TASK MATERIAL START
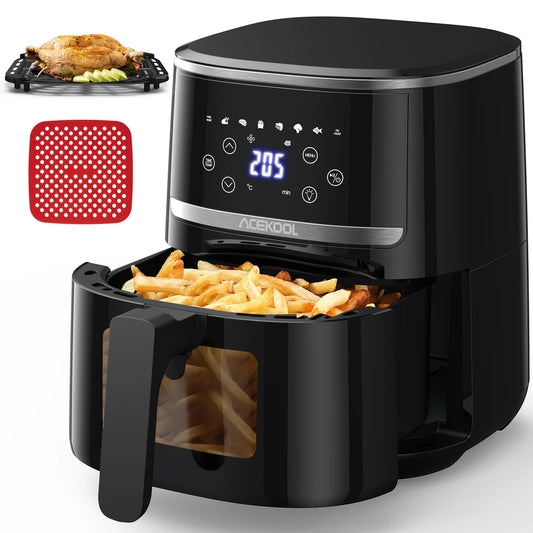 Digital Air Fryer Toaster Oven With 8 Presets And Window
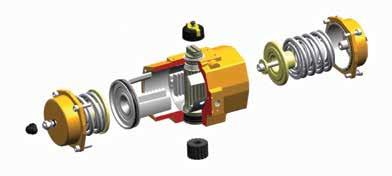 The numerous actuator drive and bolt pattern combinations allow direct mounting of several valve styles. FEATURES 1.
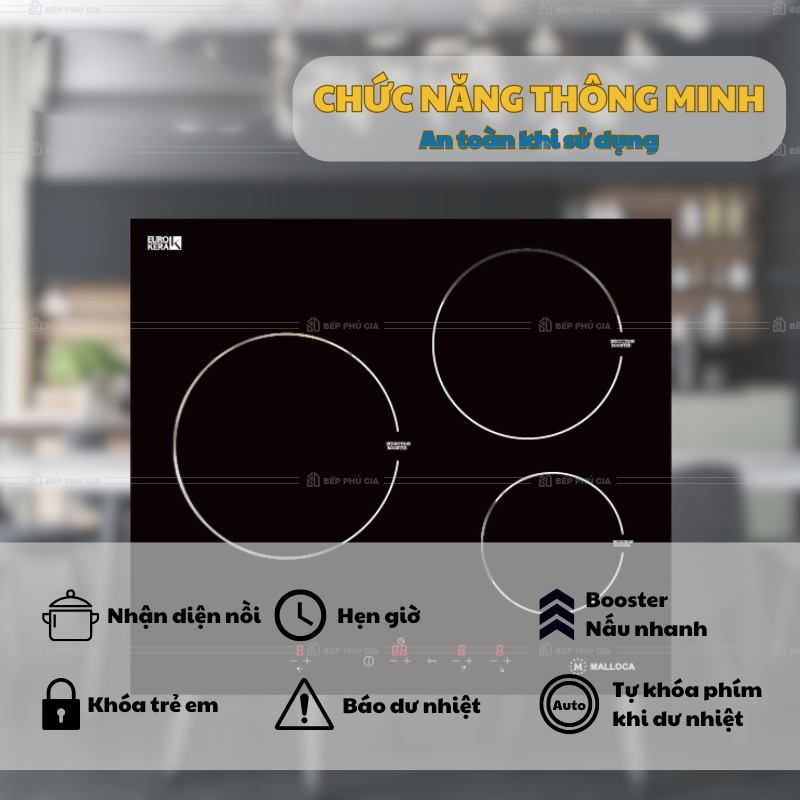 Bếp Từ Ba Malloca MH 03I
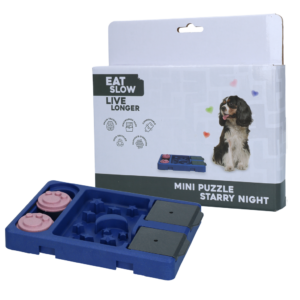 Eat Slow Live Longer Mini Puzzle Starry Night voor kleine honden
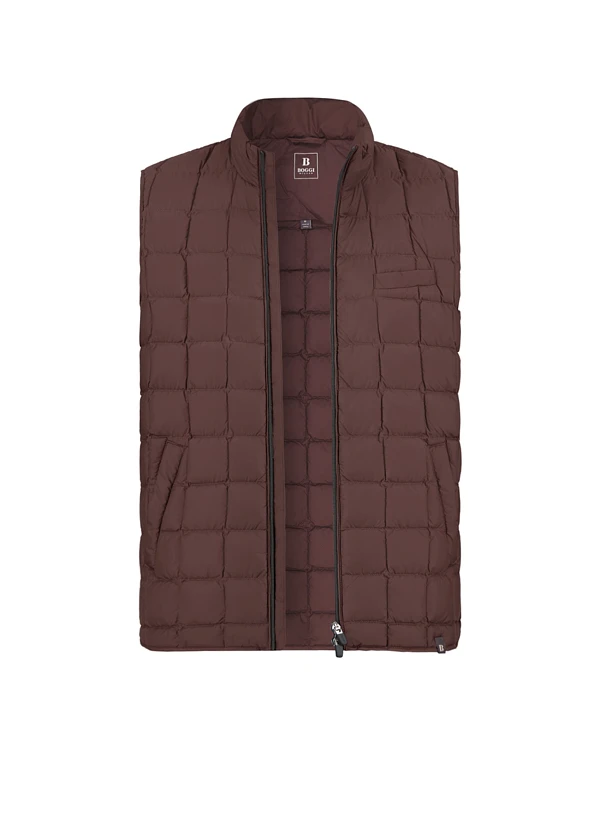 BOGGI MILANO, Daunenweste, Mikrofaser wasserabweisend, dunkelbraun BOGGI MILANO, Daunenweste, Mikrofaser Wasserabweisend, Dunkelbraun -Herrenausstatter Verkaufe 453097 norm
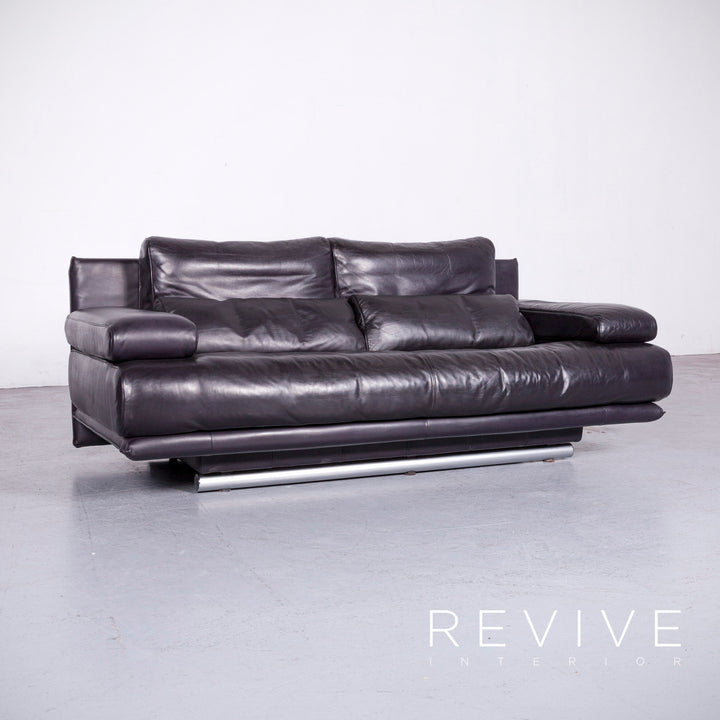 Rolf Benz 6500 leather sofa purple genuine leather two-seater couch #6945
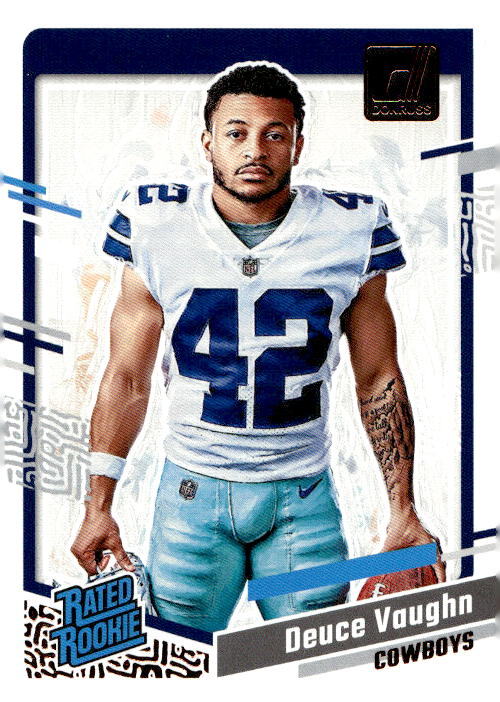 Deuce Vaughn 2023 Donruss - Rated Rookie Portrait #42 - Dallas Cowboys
TASK MATERIAL END
Retype the lines exactly. Begin at the one that holds "Rolf Benz 6500", stop at the last line of the entries above, and drop the pictures.

 Rolf Benz 6500 leather sofa purple genuine leather two-seater couch #6945
 Deuce Vaughn 2023 Donruss - Rated Rookie Portrait #42 - Dallas Cowboys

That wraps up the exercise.